Could you please repeat the entries below word for word, with the images left out?

#### [Dataset excerpts]
■ ■ ■ ■ ■
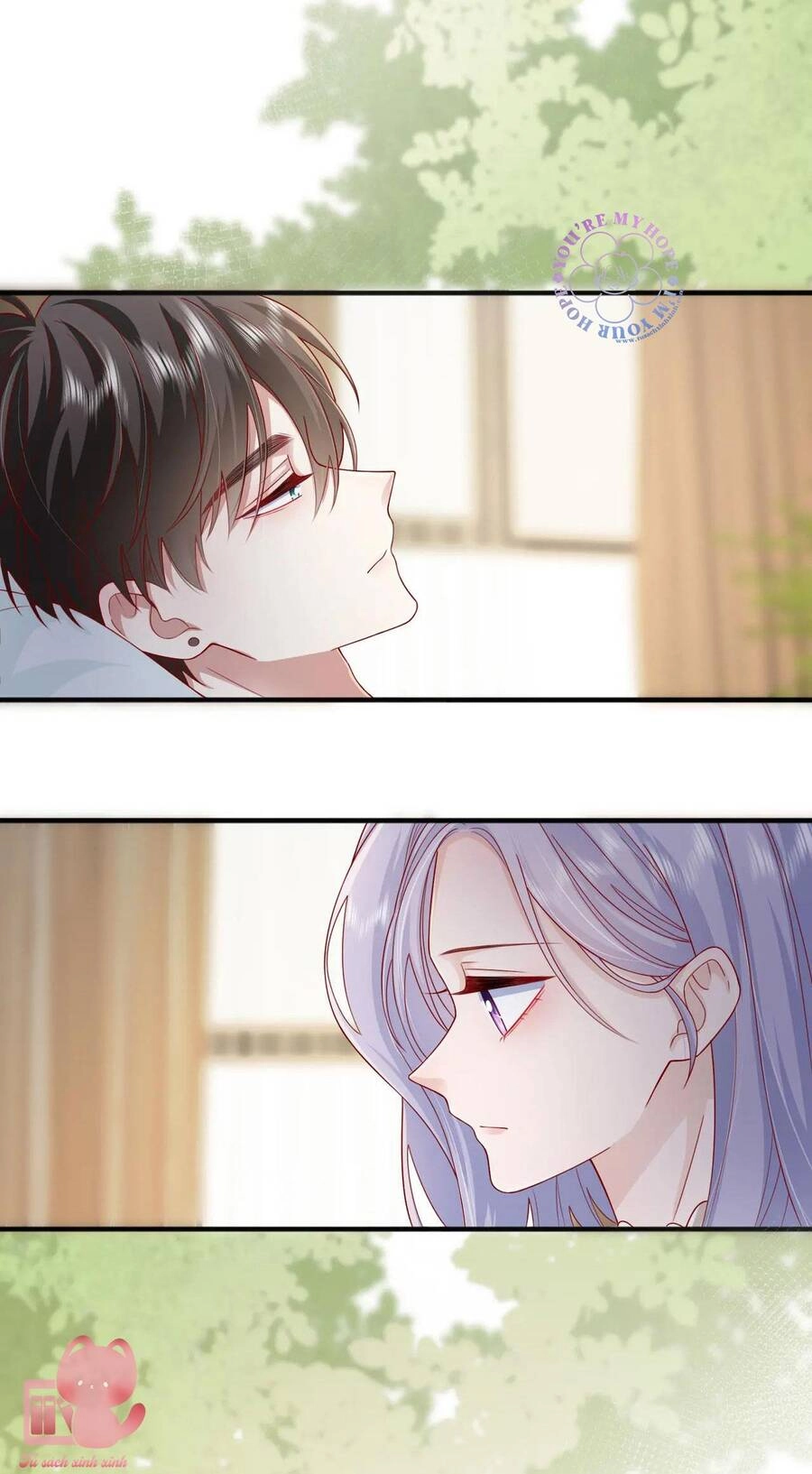 Khoảng Cách Giữa Những Vì Sao Chapter 55 - 6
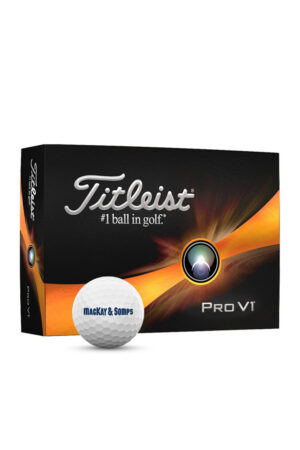 Titleist PRO V1 | Dozen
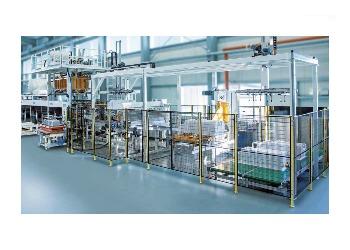 Appliance Thermoforming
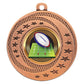 Wayfare Medal - Rugby
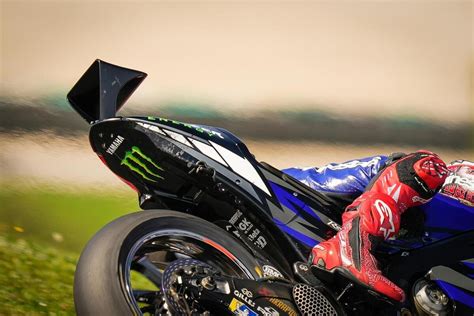 Motogp Il Commento Di Zam Alla Fine Dei Test Di Portimao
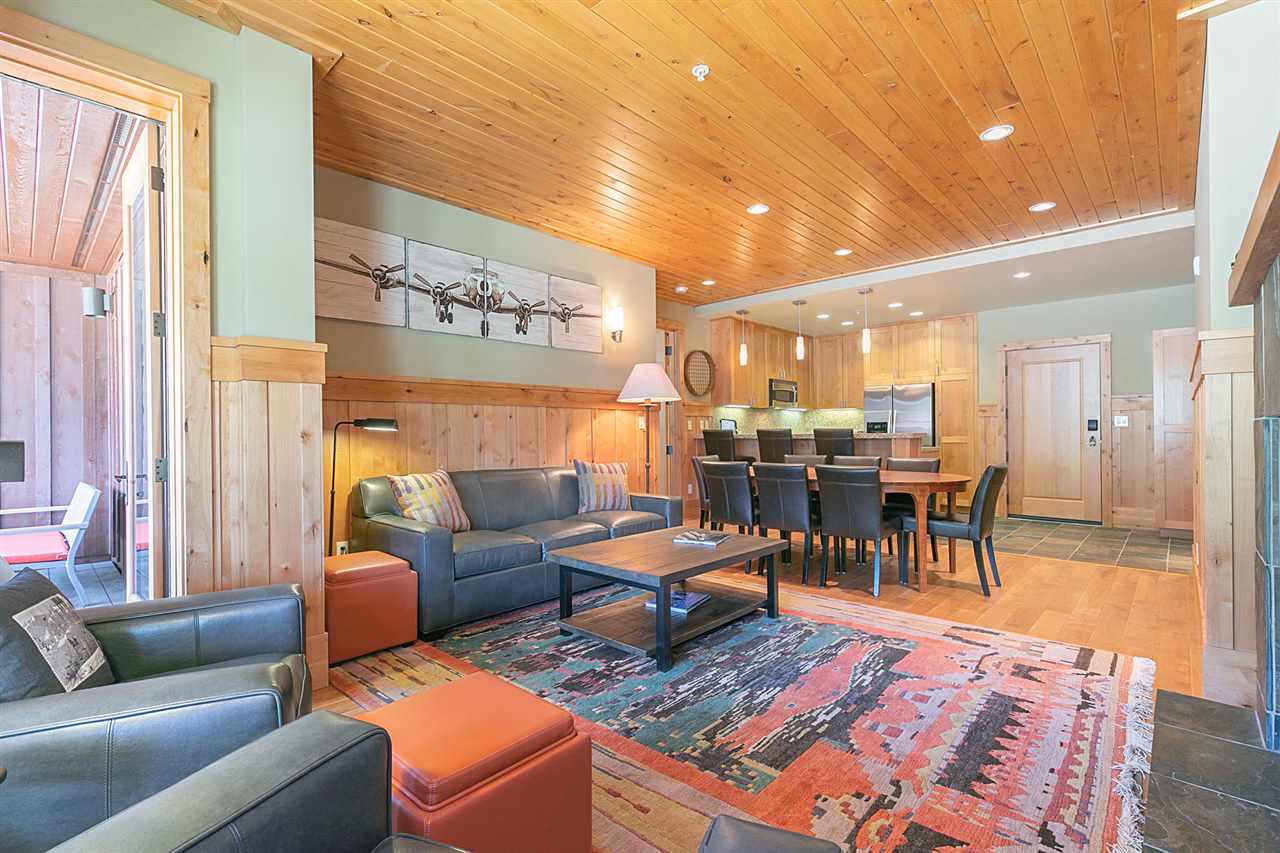 600 Sugar Bowl Road, Unit 213 Truckee, CA 96161 - Photo 3 of 21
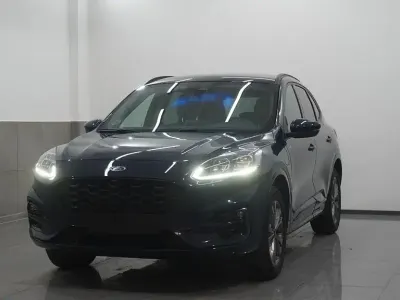 Gebraucht Ford Kuga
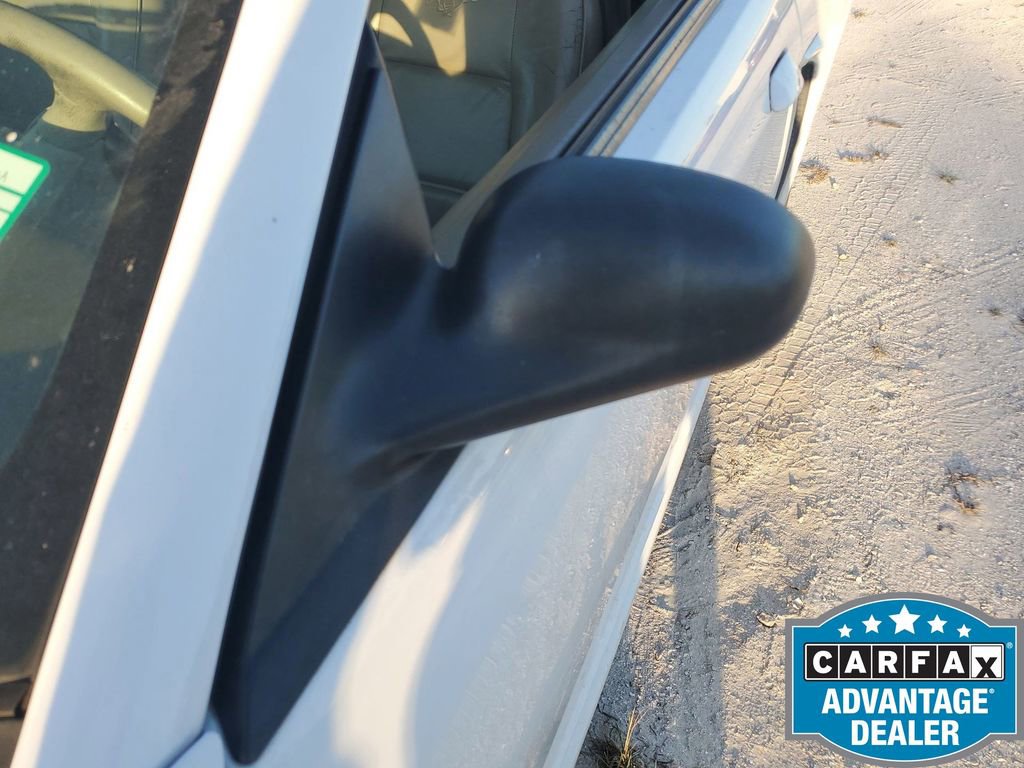 Used 2004 Ford Mustang Convertible image 21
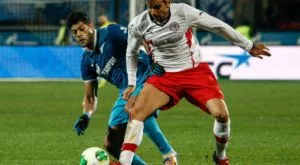 Благой Георгиев с асистенция в контрола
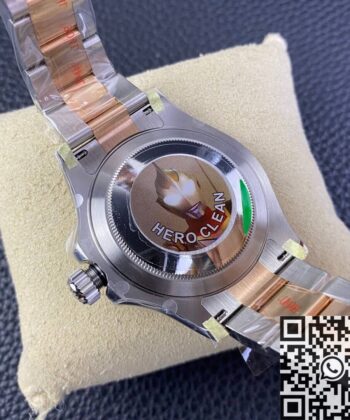Clean Factory China Watches Yacht Master M126621-0001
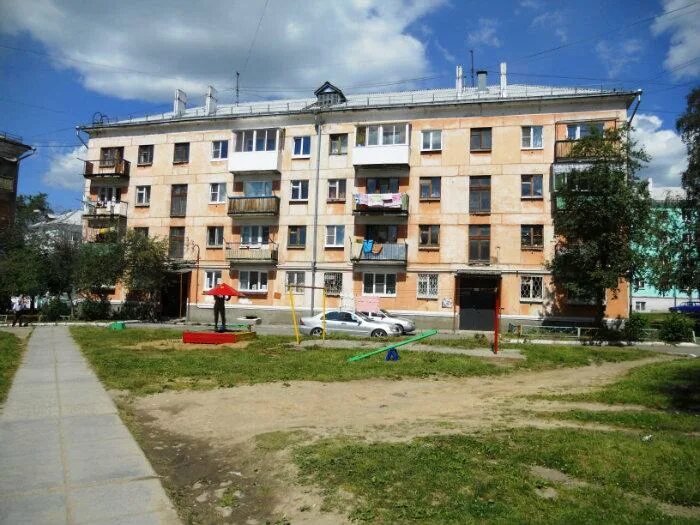 Попова 56 фото ул. Попова, 56 - Краснотурьинск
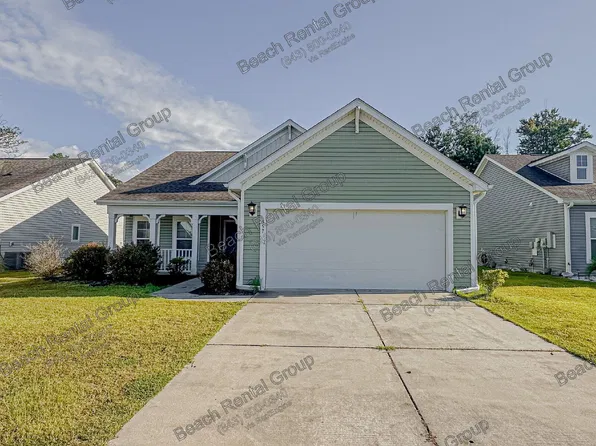 357 Cardita Loop, Myrtle Beach, SC 29588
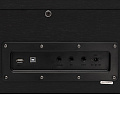 ROCKDALE ETUDE 256 BK цифровое пианино, цвет черный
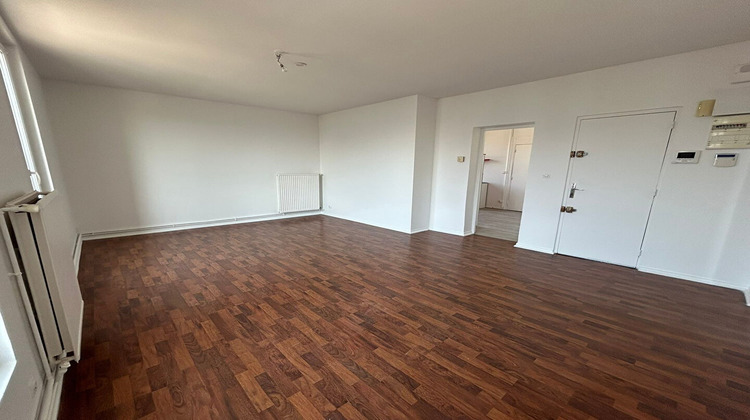 Ma-Cabane - Location Appartement LE HAVRE, 70 m²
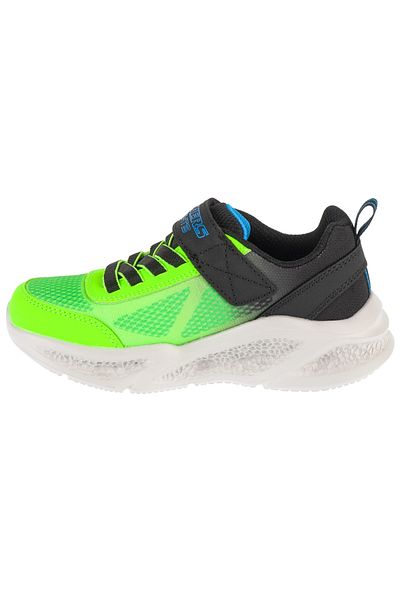 SKECHERS Meteor-Lights - Krendox, Boys' Sneakers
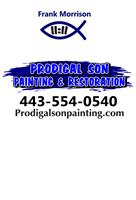 Prodigal Son Painting, LLC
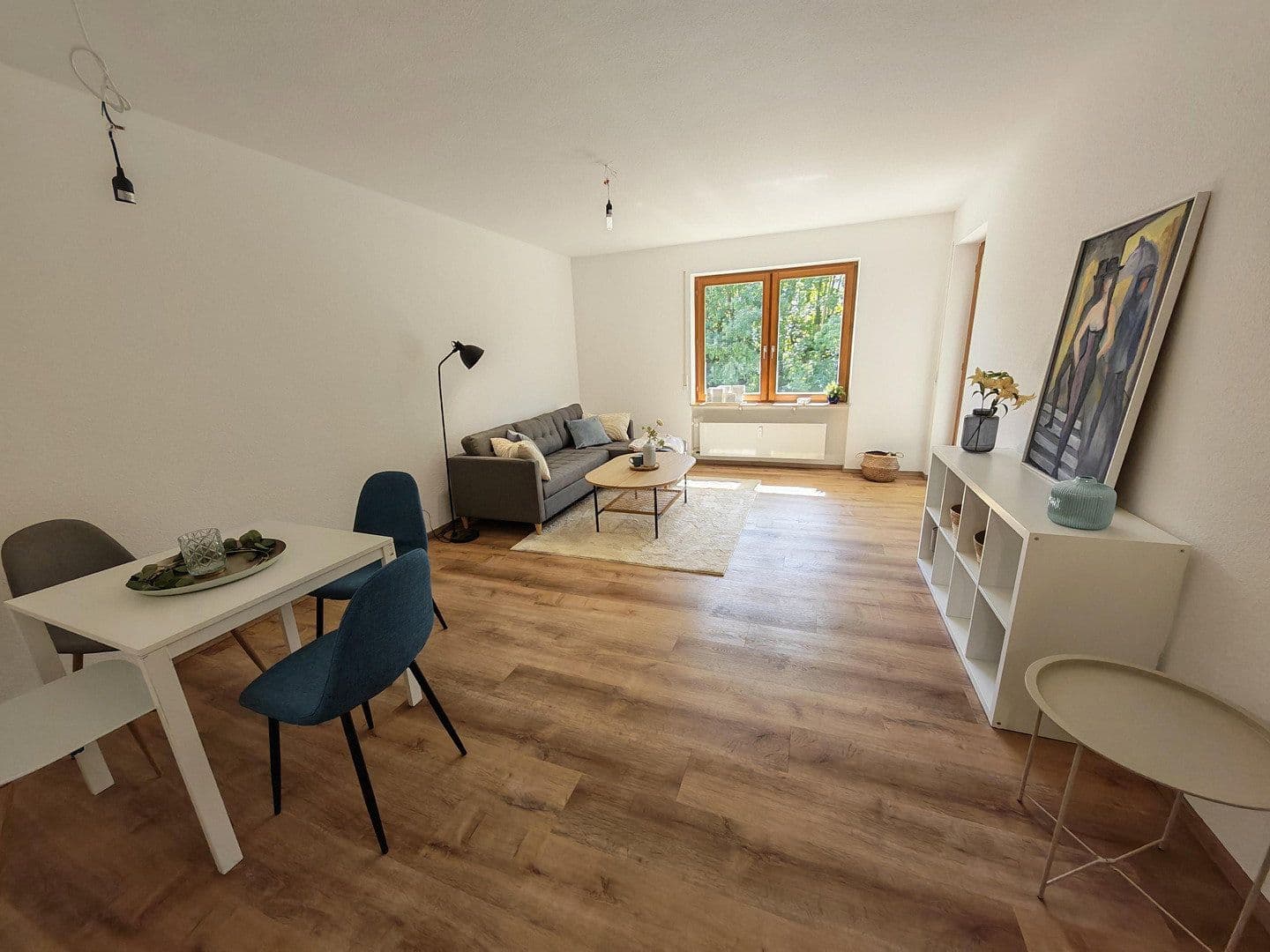 Prodej bytu 2+1 73 m², Im Guggenbühl 18, Überlingen, Bádensko-Württembersko Prodej bytu 2+1 73 m², Im Guggenbühl 18, Überlingen, Bádensko-Württembersko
■ ■ ■ ■ ■
#### [Worked solution]
 Khoảng Cách Giữa Những Vì Sao Chapter 55 - 6
 Titleist PRO V1 | Dozen
 Appliance Thermoforming
 Wayfare Medal - Rugby
 Motogp Il Commento Di Zam Alla Fine Dei Test Di Portimao
 600 Sugar Bowl Road, Unit 213 Truckee, CA 96161 - Photo 3 of 21
 Gebraucht Ford Kuga
 Used 2004 Ford Mustang Convertible image 21
 Благой Георгиев с асистенция в контрола
Clean Factory China Watches Yacht Master M126621-0001
 Попова 56 фото ул. Попова, 56 - Краснотурьинск
 357 Cardita Loop, Myrtle Beach, SC 29588
 ROCKDALE ETUDE 256 BK цифровое пианино, цвет черный
 Ma-Cabane - Location Appartement LE HAVRE, 70 m²
 SKECHERS Meteor-Lights - Krendox, Boys' Sneakers
 Prodigal Son Painting, LLC
 Prodej bytu 2+1 73 m², Im Guggenbühl 18, Überlingen, Bádensko-Württembersko Prodej bytu 2+1 73 m², Im Guggenbühl 18, Überlingen, Bádensko-Württembersko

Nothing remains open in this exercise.